THIRD AMENDMENT TO CONTRIBUTION AGREEMENT

EX-2.2 8 exhibit22thirdamendtodpoco.htm THIRD AMENDMENT Exhibit 2.2 Third Amend to DPO Contribution Agreement


THIRD AMENDMENT TO CONTRIBUTION AGREEMENT

This Third Amendment to Contribution Agreement (“Amendment”) is entered into effective as of February 8, 2013 by and among by and among INDIAN CREEK RV RESORT LLC, a Delaware limited liability company (“Indian Creek Contributor”), LAKE LAURIE RV RESORT LLC, a Delaware limited liability company (“Lake Laurie Contributor”), WAGON WHEEL MAINE LLC, a Delaware limited liability company (“Wagon Wheel Contributor”), and WILD ACRES LLC, a Delaware limited liability company (“Wild Acres Contributor,” together with Indian Creek Contributor, Lake Laurie Contributor and Wagon Wheel Contributor, each a “Contributor” and collectively the “Contributors”), SUN COMMUNITIES OPERATING LIMITED PARTNERSHIP, a Michigan limited partnership (“SCOLP”), and SUN INDIAN CREEK RV LLC, a Michigan limited liability company (“Indian Creek Purchaser”), SUN LAKE LAURIE RV LLC, a Michigan limited liability company (“Lake Laurie Purchaser”), SUN WAGON WHEEL RV LLC, a Michigan limited liability company (“Wagon Wheel Purchaser”), and SUN WILD ACRES RV LLC, a Michigan limited liability company (“Wild Acres Purchaser,” together with Indian Creek Purchaser, Lake Laurie Purchaser and Wagon Wheel Purchaser, each a “Purchaser” and collectively, the “Purchasers” and together with SCOLP, the “Sun Parties”).

RECITALS

A.    Contributors and Sun Parties are parties to that certain Contribution Agreement, dated December 9, 2012, as amended by that First Amendment to Contribution Agreement dated December 13, 2012, and that Second Amendment to Contribution Agreement dated December 20, 2012 (the “Agreement”), that pertain to the contribution and purchase of certain recreational vehicle communities (each a “Project” and collectively, the “Projects”), all as more particularly described in the Agreement; and

B.    The parties desire to amend the Agreement pursuant to the terms and conditions set forth herein.
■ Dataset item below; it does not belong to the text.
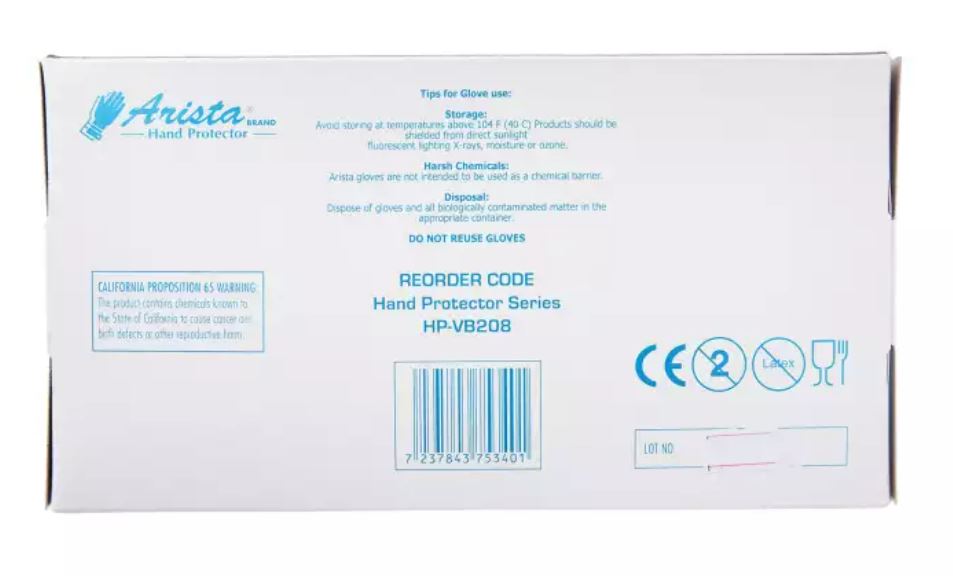 Arista Blue Vinyl Powder-Free Disposable Gloves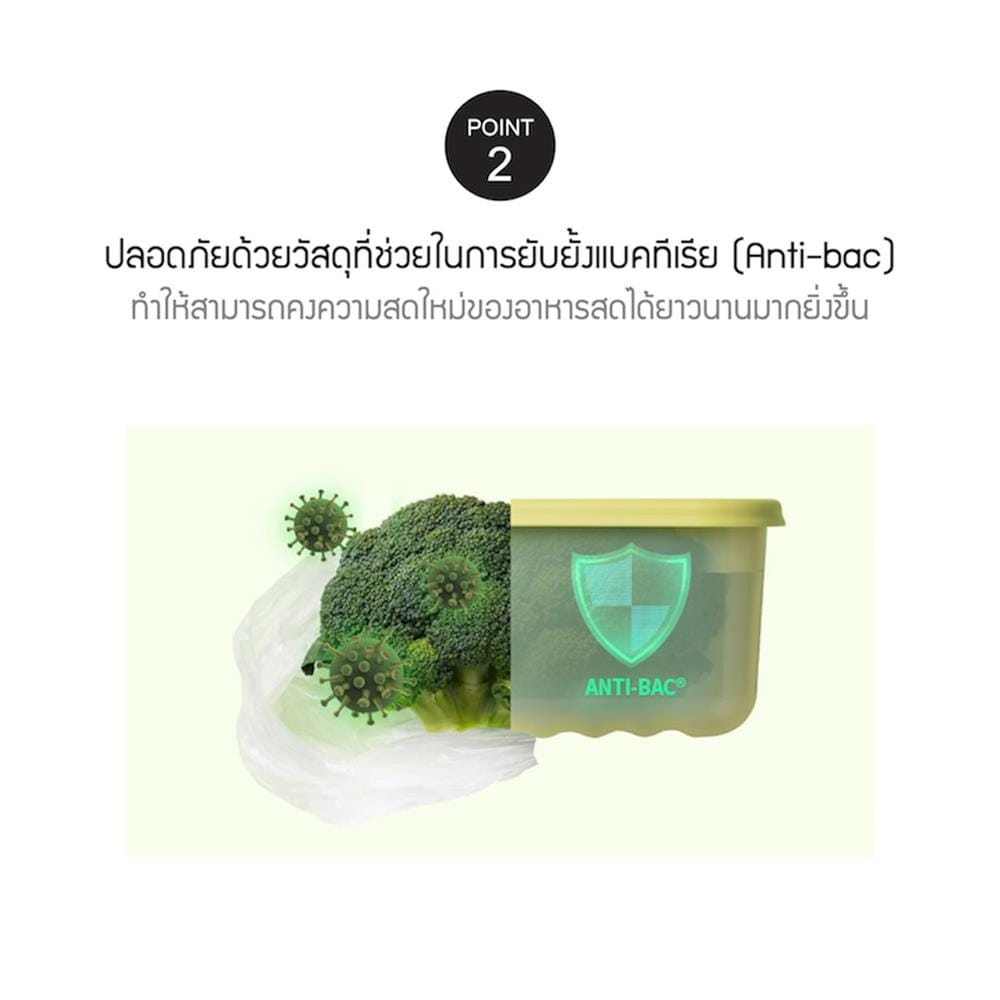 กล่องอาหาร LOCKNLOCK SMART KEEP FRESH HLE5400NS2 1.5 ลิตร สีเขียว (แพ็ก 2 ชิ้น)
C.    All capitalized terms not otherwise defined herein shall be defined as set forth in the Agreement.

NOW, THEREFORE, for good and valuable consideration, the receipt and sufficiency of which are hereby acknowledged, the parties agree as follows:

1.    The following sentences are hereby added to the first paragraph of Section 2.1:

“At Closing, the Purchasers may assume the DPO Loan and as such, SCOLP shall receive a credit at Closing against the Agreed Values for the amount of the outstanding principal balance and all accrued and unpaid interest, exit fees, costs and expenses due under the DPO Loan (the “DPO Loan Payoff”). In the event the amount of the DPO Loan Payoff is greater than the Agreed Values, Contributors shall pay SCOLP at Closing Cash equal to such shortfall amount.”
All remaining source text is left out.